In an interview with Milenio, eight out of 12 councilors from the municipality of Apatzingan discussed their experiences working with municipal president Uriel Chavez Mendoza, who was recently arrested for extortion and ties to organized crime. Serving as the group's spokesman, Jose Martin Gomez Ramirez, Apatzingan's councilor for Industry and Business, nervously described two fearful years living at the mercy of the Knights Templar.
"It was a presidency full of threats," Ramirez said. "From the moment we entered the council, the first day, they explained to us they were going to deduct $1,530 from us monthly," representing over a third of their $4,290 monthly pay.
The councilors protested, and were taken to meet with the Knights Templar in a remote area.
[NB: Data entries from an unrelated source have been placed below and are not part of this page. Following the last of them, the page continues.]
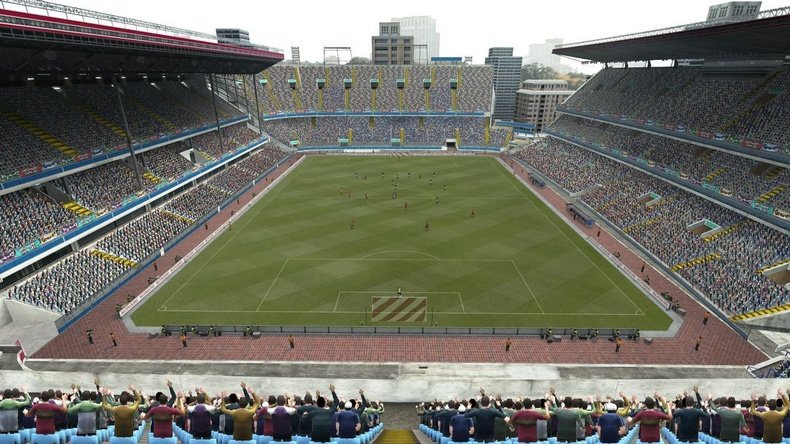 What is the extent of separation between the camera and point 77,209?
112ft

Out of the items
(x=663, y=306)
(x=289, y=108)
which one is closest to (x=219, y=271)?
(x=663, y=306)

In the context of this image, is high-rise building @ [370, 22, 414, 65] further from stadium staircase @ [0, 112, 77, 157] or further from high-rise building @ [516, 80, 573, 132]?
stadium staircase @ [0, 112, 77, 157]

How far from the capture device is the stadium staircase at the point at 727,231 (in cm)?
3425

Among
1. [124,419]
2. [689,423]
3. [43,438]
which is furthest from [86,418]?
[689,423]

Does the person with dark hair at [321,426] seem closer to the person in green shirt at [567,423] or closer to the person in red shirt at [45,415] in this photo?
the person in green shirt at [567,423]

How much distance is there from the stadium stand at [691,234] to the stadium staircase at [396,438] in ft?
91.3

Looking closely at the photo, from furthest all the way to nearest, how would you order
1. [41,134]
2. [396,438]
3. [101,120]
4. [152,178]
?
[152,178] → [101,120] → [41,134] → [396,438]

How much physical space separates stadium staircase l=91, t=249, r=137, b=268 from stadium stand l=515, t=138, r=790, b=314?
1777 inches

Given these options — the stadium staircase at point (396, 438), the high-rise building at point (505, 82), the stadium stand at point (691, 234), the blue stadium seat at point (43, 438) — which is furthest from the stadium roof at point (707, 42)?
the high-rise building at point (505, 82)

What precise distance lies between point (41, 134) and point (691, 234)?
196 feet

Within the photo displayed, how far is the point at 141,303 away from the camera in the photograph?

There, accompanied by men with guns and a municipal police patrol, Mendoza introduced Rigo Diaz Soto -- the Templar boss for the local plaza -- saying, "He is my friend, but more than my friend, he is my brother."
Rigo explained to the councilors business was bad and they would have to comply with a temporary salary deduction. However, anyone with economic problems could write a letter to recently killed Knights leader Nazario Moreno Gonzalez, alias "El Chayo," who Rigo said had a good heart and would support them if their concerns were legitimate.
SEE ALSO: Knights Templar News and Profiles
For the next two years Ramirez said they were indoctrinated with fear, with the Knights Templar and municipal officials threatening his family members and all those "not supporting the movement." In February 2012, the municipal council even held a meeting with the Templar leadership, shaking hands with El Chayo, Enrique "El Kike" Plancarte, and Dionisio Loya Plancarte, alias "El Tio."
InSight Crime Analysis
The corruption and intimidation of local politicians is a standard strategy used by criminal organizations to gain influence in their areas of operation, not only in Mexico but throughout the region.
Over recent weeks, the level of corruption in Michoacan was highlighted by the investigation and arrest of two high-profile politicians, Jesus Reyna Garcia and Jose Trinidad Martinez Pasalagua, for links to the Knights. This new report highlights just how effective the Knights have been at infiltrating local corridors of power, a tactic that goes hand in hand with the direct threats against politicians the group has also been known for. It also underscores the pressure local and regional politicians commonly find themselves under to comply with criminal groups.